_Problem to work on_.
Starting with the line that contains "Silberdream SilberDream Collier", return every line through the end of the listing below exactly as written. Omit the pictures.

_Supplied data_.
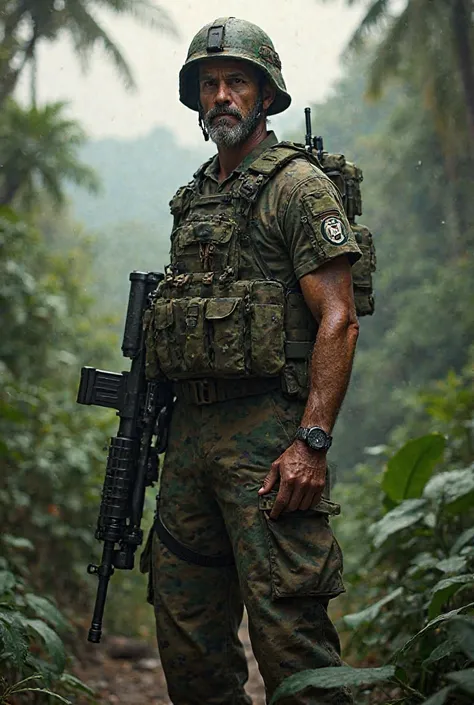 Brazilian soldier 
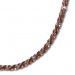 Silberdream SilberDream Collier Kette gedreht rose vergoldet 925 Silber Damen 45cm SDK21645E Weihnachtsangebot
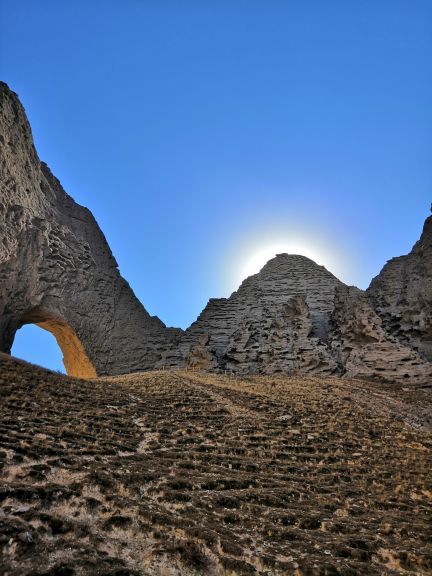 阿图什天门景区
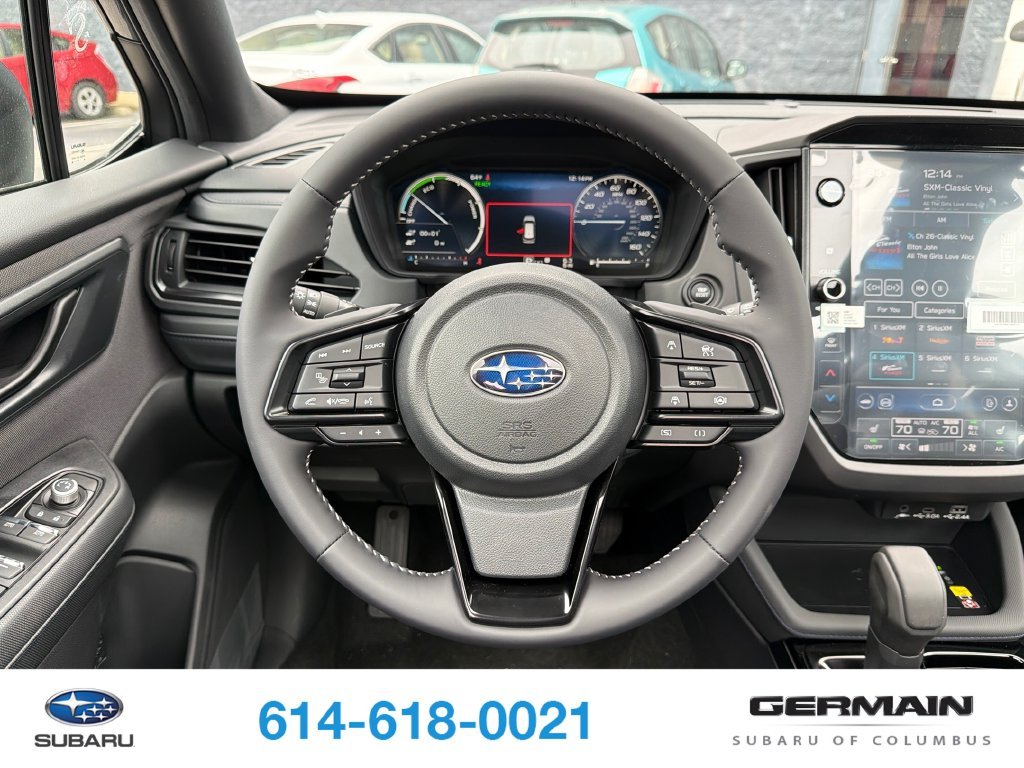 New 2026 MAGNETITE GRAY METALLIC Subaru Premium Hybrid image 16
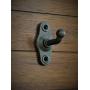 Coat Hanger, Classic Wall Hook, Handpainted Oil Rubbed Bronze or Pick Color, Bathroom Towel Hanger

_Expected answer_.
 Silberdream SilberDream Collier Kette gedreht rose vergoldet 925 Silber Damen 45cm SDK21645E Weihnachtsangebot
 阿图什天门景区
 New 2026 MAGNETITE GRAY METALLIC Subaru Premium Hybrid image 16
 Coat Hanger, Classic Wall Hook, Handpainted Oil Rubbed Bronze or Pick Color, Bathroom Towel Hanger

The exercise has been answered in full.